* _What the exercise asks_
Copy every record exactly as it stands. Leave the pictures out.

[[ Source data, beginning ]]

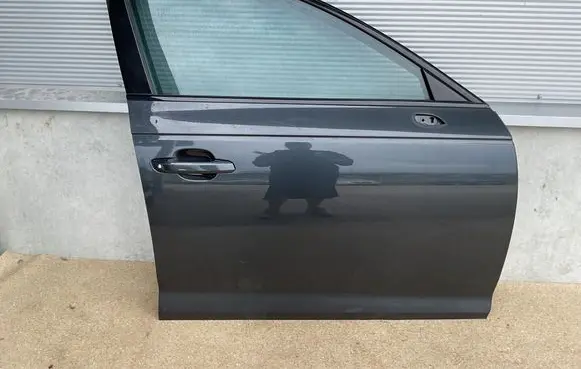 Audi A4 S4 B9 Front door LX7L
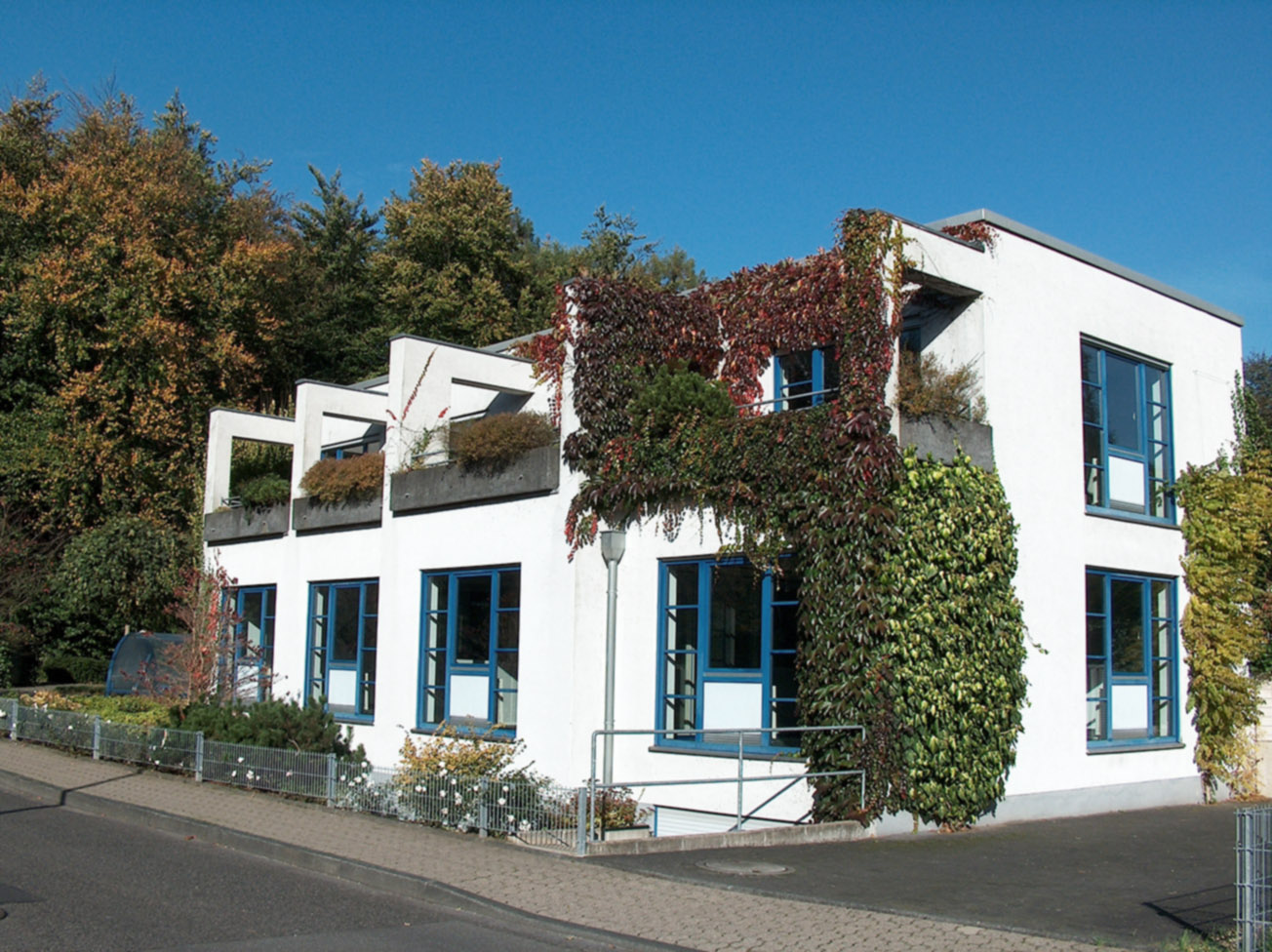 G+B Akadamie Gebäude G+B Akadamie Gebäude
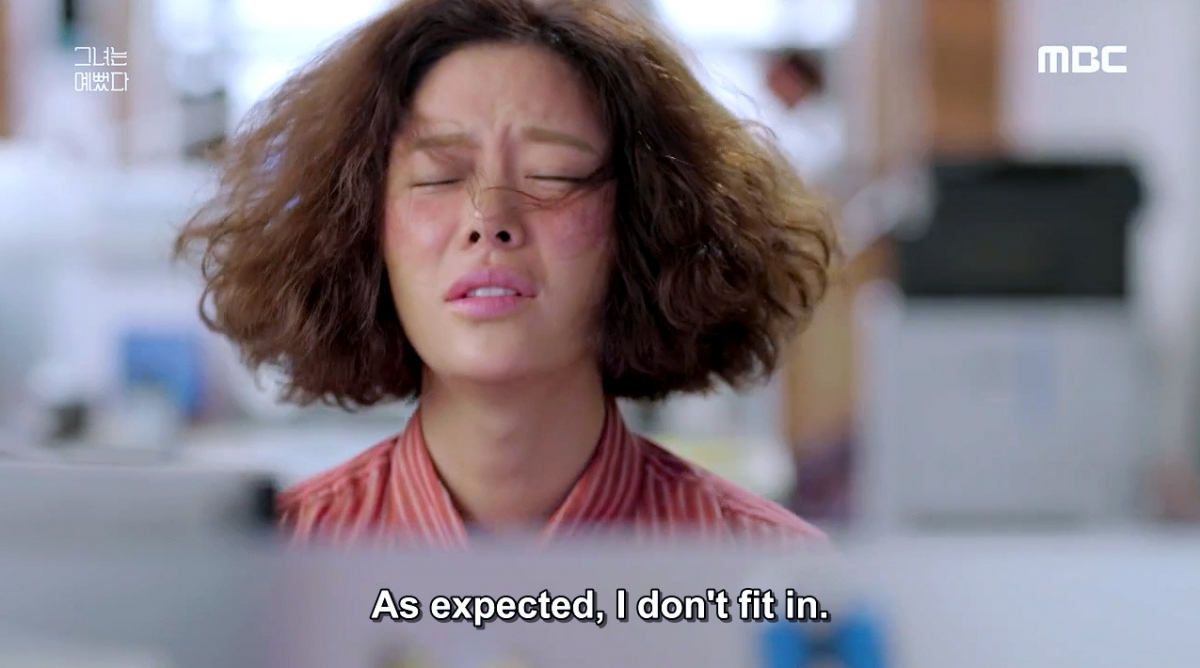 港媽偏心生得靚細妹,當面嘲家姐「一定嫁唔出」,家姐最終反成人生贏家?網民:內涵更重要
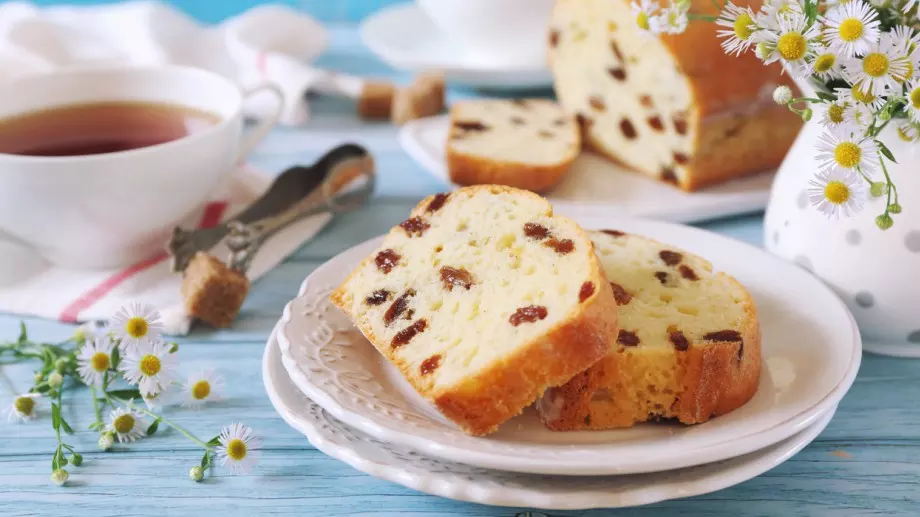 Изумително пухкав кекс със стафиди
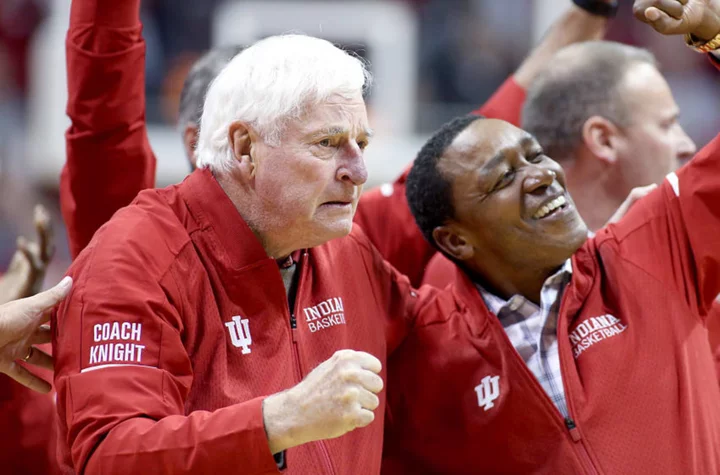 College basketball fans mourn legend Bob Knight, who passed away at 83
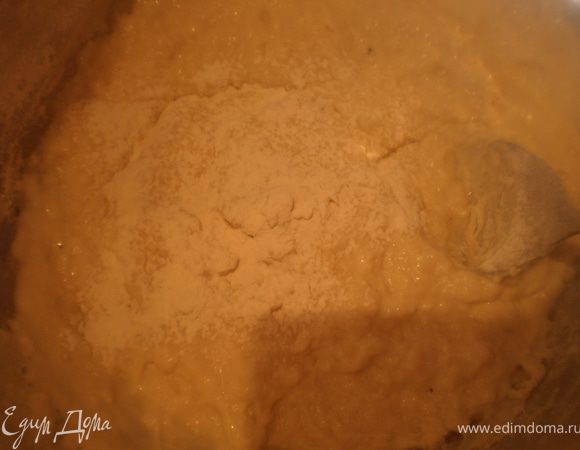 Вылить в миску, добавить остальную воду, соль, понемногу добавлять просеянную муку.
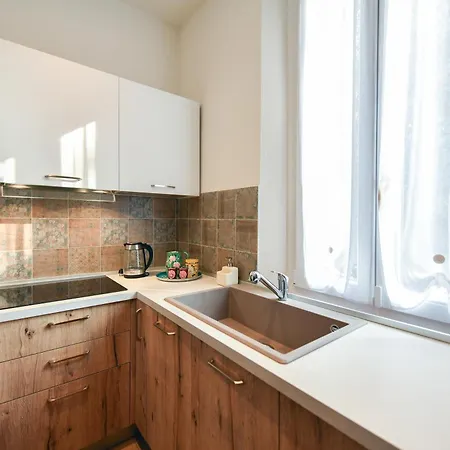 Sofia 4* Modena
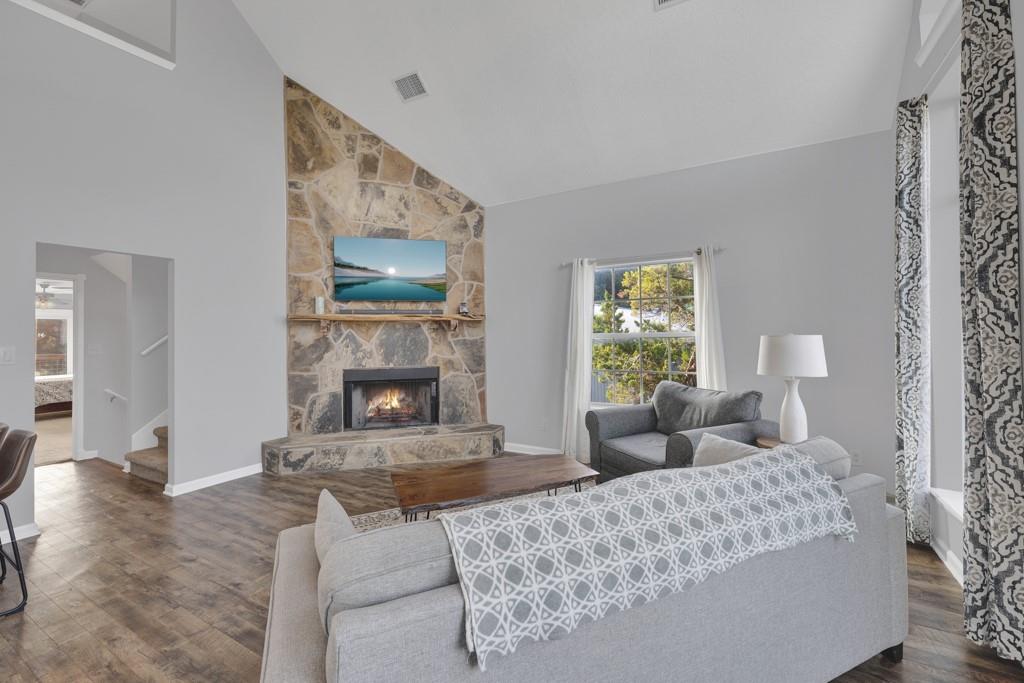 1156 Riviera Dr, Canyon Lake, TX 78133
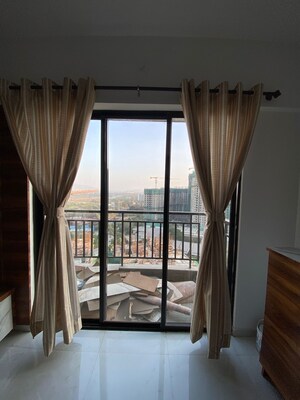 Room in 1 BHK Apartment at Runwal Gardens Phase I, Dombivli East – for Rent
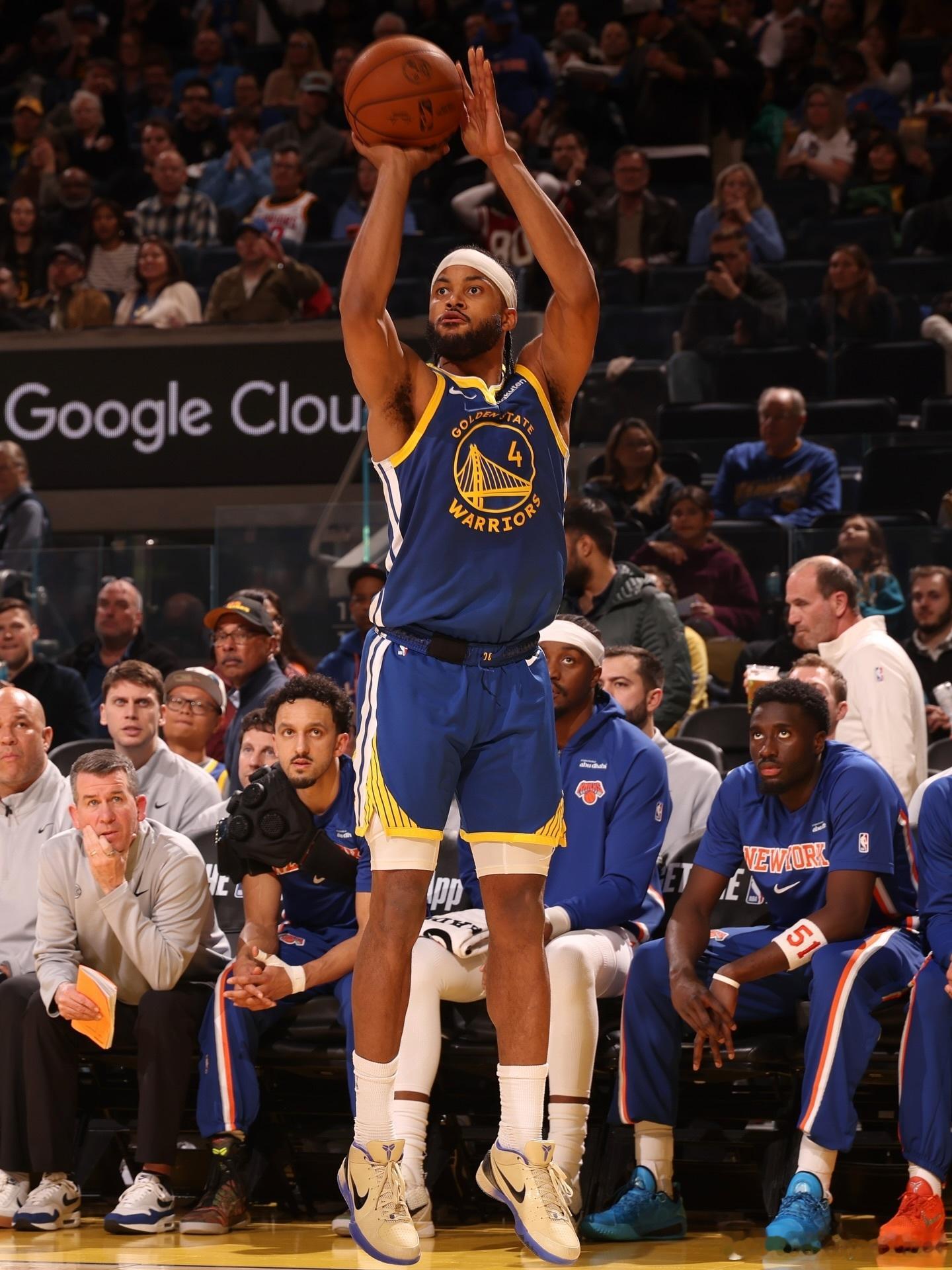 我发现不是偶然，穆迪投篮时确实老是这种表情新赛季篮不住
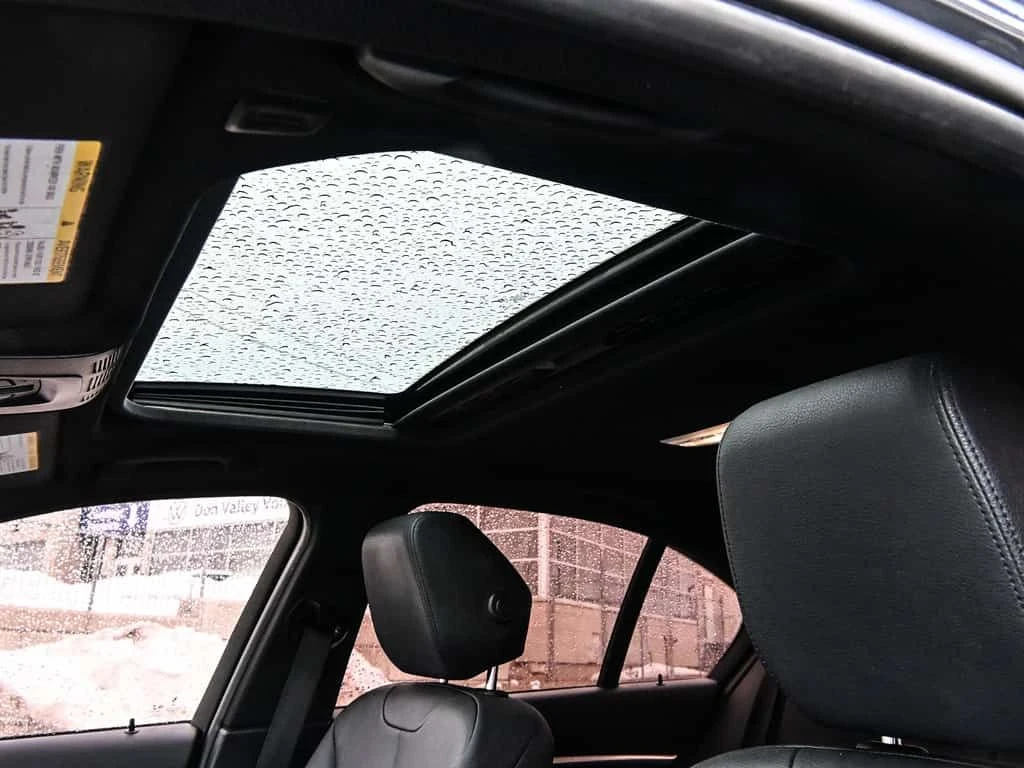 BMW 330 * 330i xDrive Sedan * CARFAX * ЦЕНА ДО БГ, снимка 17 - Автомобили и джипове - 54208200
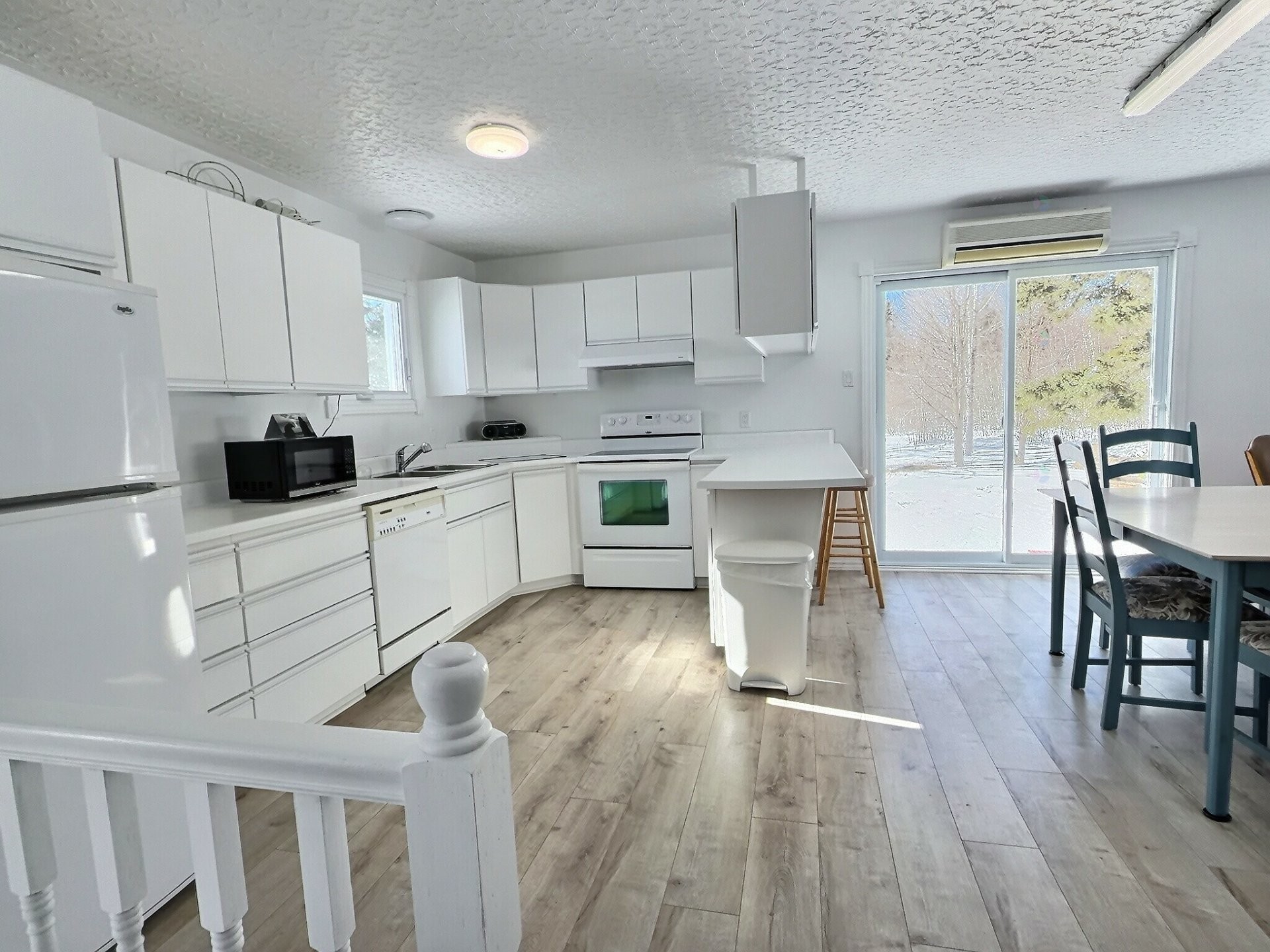 









896


13e-et-14e Rang

,
Laverlochère-Angliers,




QC
J0Z1A0

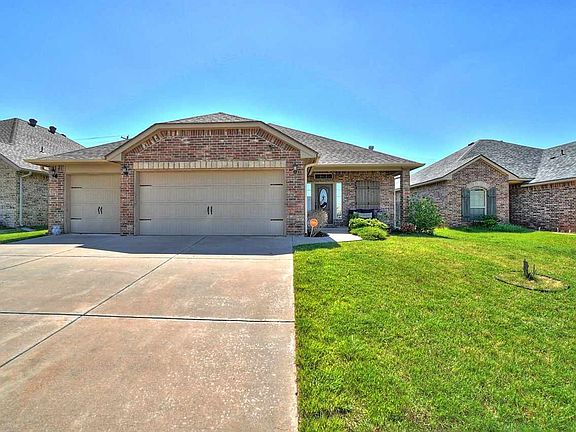 2nd image of 2107 SW Edinburough Dr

[[ Source data, end ]]

* _Output_
 Audi A4 S4 B9 Front door LX7L
 G+B Akadamie Gebäude G+B Akadamie Gebäude
 港媽偏心生得靚細妹,當面嘲家姐「一定嫁唔出」,家姐最終反成人生贏家?網民:內涵更重要
 Изумително пухкав кекс със стафиди
 College basketball fans mourn legend Bob Knight, who passed away at 83
 Вылить в миску, добавить остальную воду, соль, понемногу добавлять просеянную муку.
 Sofia 4* Modena
 1156 Riviera Dr, Canyon Lake, TX 78133
 Room in 1 BHK Apartment at Runwal Gardens Phase I, Dombivli East – for Rent
 我发现不是偶然，穆迪投篮时确实老是这种表情新赛季篮不住
 BMW 330 * 330i xDrive Sedan * CARFAX * ЦЕНА ДО БГ, снимка 17 - Автомобили и джипове - 54208200









896


13e-et-14e Rang

,
Laverlochère-Angliers,




QC
J0Z1A0

 2nd image of 2107 SW Edinburough Dr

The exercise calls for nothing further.